At Douglass, diversity, equity, and inclusion is expansive, offering a wide array of initiatives to serve students from a multitude of unique experiences—including those who have had to take alternative paths to the typical college experience. During the month of November, the College is celebrating its thriving population of nontraditional students—students over the age of 23 pursuing a college education—and raising awareness for the challenges they face.
“Part of being a diverse and inclusive university is accepting and accommodating those from different backgrounds than the traditional demographic of students on campus,” said Gail Lordi DRC’24, a nontraditional aged Douglass student studying ITI and women’s, gender, and sexuality studies.
Douglass’ nontraditional student community includes a diverse range of stories and voices. Some students are parents, others are caretakers for elderly family members, and many work full or part-time jobs in addition to completing their coursework. Douglass’ Sophia I. Bunting Program (the Bunting Program) meets the needs of the College’s nontraditional student community with extra advising resources, special spaces and social opportunities on campus, and a designated living-learning community for those that need year-round on-campus housing. The Bunting Program seeks to ensure nontraditional students have access to necessary, unique services—from priority course scheduling to ensure classes don’t conflict with work or family obligations to a private lactation space for those who need to breast feed children.
Douglass students and staff seek to fill the gaps where there is a lack of attention and support. Gail Lordi and Jesenia Delgado DRC’24 are working alongside Douglass staff as student liaisons to bring awareness to the specific needs of nontraditional aged students to the larger university community.
“Some of the circumstances a nontraditional aged student might face is balancing a full-time job and attending school full time, while fulfilling other obligations,” said Delgado “There’s also the possibility of not qualifying for financial aid or scholarships based on an income that doesn’t accurately demonstrate the situation or need.”

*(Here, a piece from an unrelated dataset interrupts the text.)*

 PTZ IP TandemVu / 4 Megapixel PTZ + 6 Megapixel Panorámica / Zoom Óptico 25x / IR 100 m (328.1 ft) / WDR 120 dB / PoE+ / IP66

“In my experience, many of my nontraditional classmates struggle with the demands of being on campus multiple days a week while balancing the demands of their personal and family lives,” said Lordi. “Many of my peers have no time for themselves after completing their coursework.”
Through their work with Douglass, Lordi and Delgado are brainstorming innovative solutions to these obstacles, particularly through modern technology.
“One thing that would make a wild difference in the lives of many nontraditional students, as well as those affected by other circumstances, would be to allow courses to be available online despite campus opening up after COVID,” Lordi said. “The only way I could balance my professional aspirations with the demands of having to work for a living was to have asynchronous classes as an option.”
Advocacy on behalf of nontraditional aged students is critical, as many feel their experiences are under-represented in higher education. By shedding light on these issues, Lordi and Delgado hope to foster better visibility on campus.
“Bringing awareness and developing programs for adult students would attract more nontraditional students to enroll in school,” said Delgado. “Going back to school to get a degree could improve many lives. It could mean getting a promotion, a pay raise, or employment for those who are unemployed. More income means more support for themselves and their families.”
As nontraditional students themselves, both Lordi and Delgado draw from their own experiences to help advocate for their peers.
“My own experience as a nontraditional student has been a roller coaster,” Lordi said. “Working through the pandemic as a frontline responder, taking classes, planning my second career, and getting married within one semester is just the beginning of my nontraditional journey. I can't wait to see where it takes me next.”
“The larger university should know that nontraditional aged students are held to the same standard as traditional students,” said Delgado. “Despite their many challenges, they rise to the occasion and get their work done. They are dedicated, hardworking, and serious about achieving their goals, and should be recognized for it.”